Unable to skip ClickHouse migrations
Summary
Skipping the ClickHouse migrations via an environment variable, introduced gitlab-org/build/CNG!2682 (merged), still prevents GitLab Rails pods from starting when the ClickHouse database doesn't exist yet.
This was originally required for Dedicated, as the ClickHouse database is only created after the initial installation of the chart.
See Schema version check for ClickHouse is preventi... (gitlab-com/gl-infra/delivery#21637 - closed) for additional context.

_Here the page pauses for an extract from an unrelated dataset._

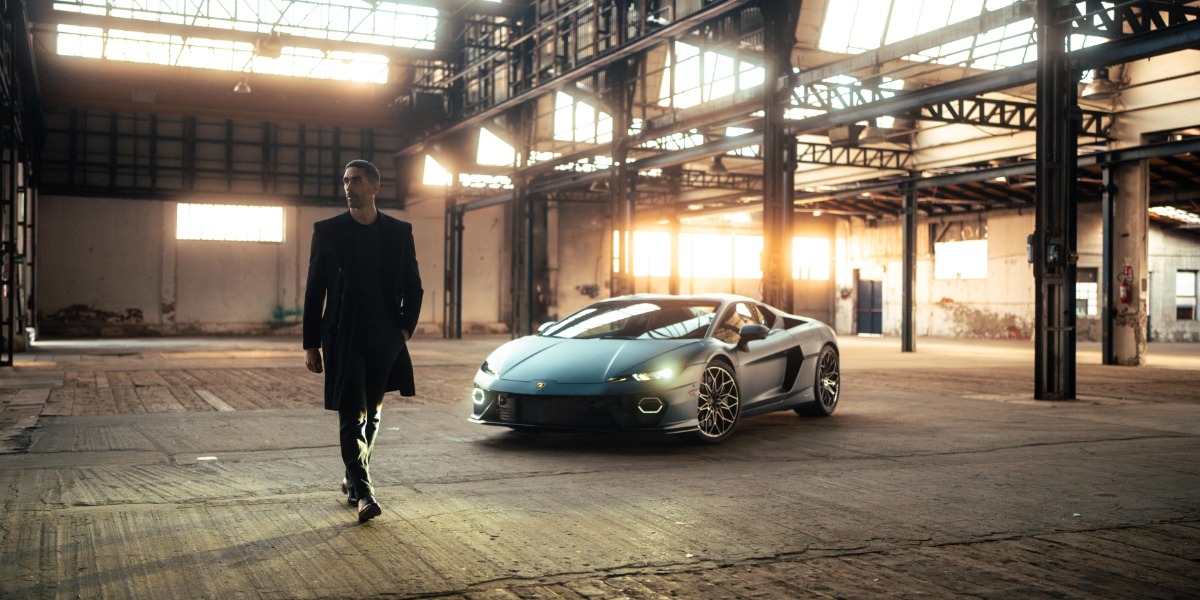 Lamborghini Temerario y Filippo Magnini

When SKIP_CLICKHOUSE_SCHEMA_VERSION_CHECK is passed as environment variable via the migrations chart, the migration k8s Job is failing:
Defaulted container "migrations" out of: migrations, certificates (init), configure (init)

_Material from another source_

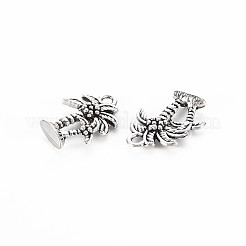 合金のチベット風チャーム  カドミウムフリー＆鉛フリー  ココヤシの木  アンティークシルバー  18x13x4mm  穴：1.8mm&nbsp;X-TIBE-S320-201AS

Begin parsing .erb templates from /var/opt/gitlab/templates
Writing /srv/gitlab/config/cable.yml
Writing /srv/gitlab/config/click_house.yml
Writing /srv/gitlab/config/database.yml
Writing /srv/gitlab/config/gitlab.yml
Writing /srv/gitlab/config/resque.yml
Begin parsing .tpl templates from /var/opt/gitlab/templates
Copying other config files found in /var/opt/gitlab/templates to /srv/gitlab/config
Attempting to run '/bin/bash -c set -e;
/scripts/wait-for-deps;
/scripts/db-migrate;
' as a main process
[ClickHouse] WARN: ClickHouse migration check explicitly skipped. This is NOT recommended for production environments.

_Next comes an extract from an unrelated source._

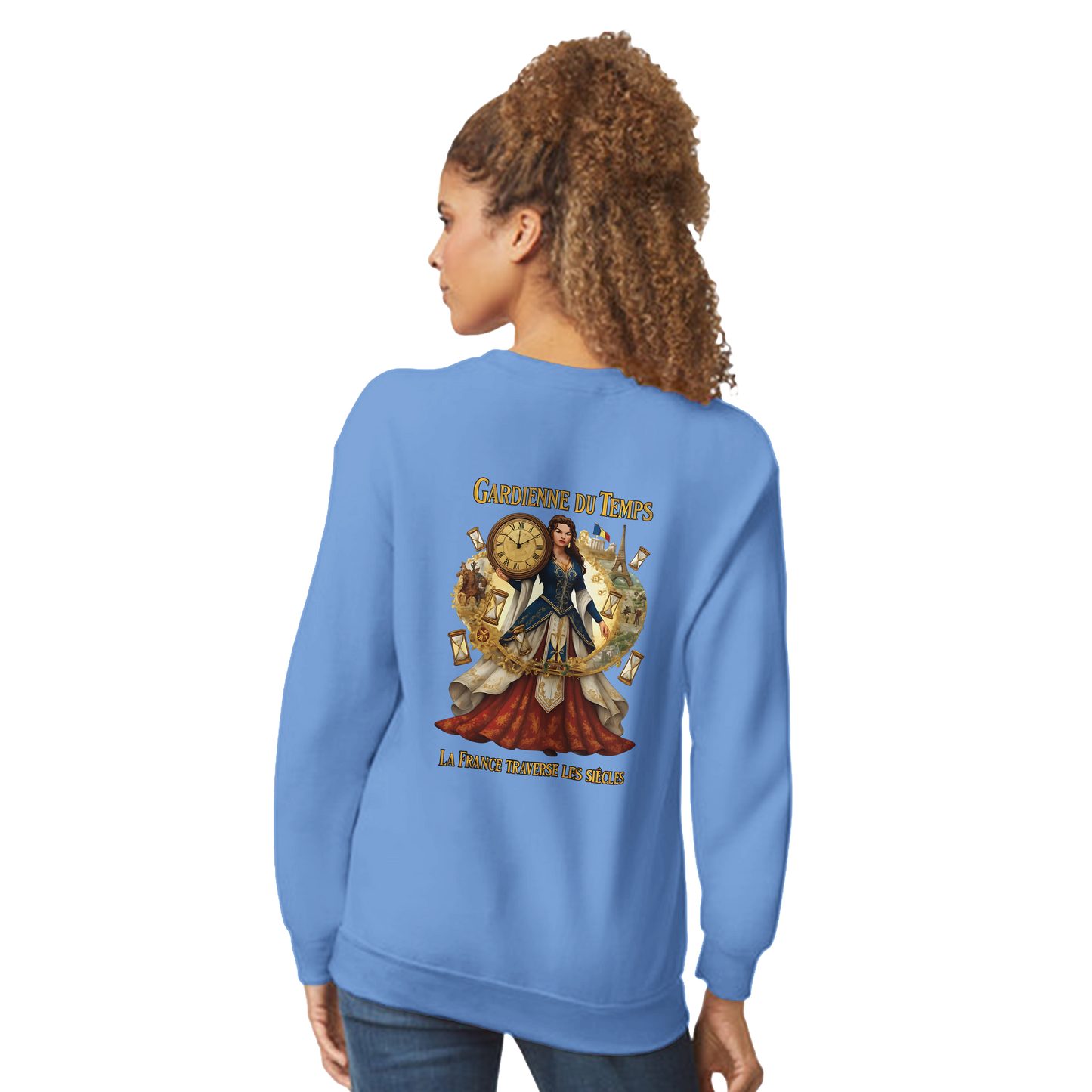 Sweat-shirt Femme Gardienne du Temps - Confort Premium et Coupe Classique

Checking: resque.yml, cable.yml
+ SUCCESS connecting to 'rediss://master.sbclickhouse-redis.qiymyz.euc1.cache.amazonaws.com:6379' from resque.yml, through master.sbclickhouse-redis.qiymyz.euc1.cache.amazonaws.com
+ SUCCESS connecting to 'rediss://master.sbclickhouse-redis.qiymyz.euc1.cache.amazonaws.com:6379' from cable.yml, through master.sbclickhouse-redis.qiymyz.euc1.cache.amazonaws.com
Checking: main
Database Schema - main (gitlabhq_production)
WARNING: schema version check bypassed by BYPASS_SCHEMA_VERSION='true'
Checking database migrations are up-to-date
Performing migrations (this will initialized if needed)
Skipping Topology Service health check due to the cell being disabled
Running db:migrate rake task
main: == [advisory_lock_connection] object_id: 77240, pg_backend_pid: 17387
main: == [advisory_lock_connection] object_id: 77240, pg_backend_pid: 17387
Running gitlab:clickhouse:migrate:main rake task
rake aborted!
ClickHouse::Client::DatabaseError: Code: 516. DB::Exception: gitlab: Authentication failed: password is incorrect, or there is no user with such name. (AUTHENTICATION_FAILED) (version 25.8.1.8702 (official build))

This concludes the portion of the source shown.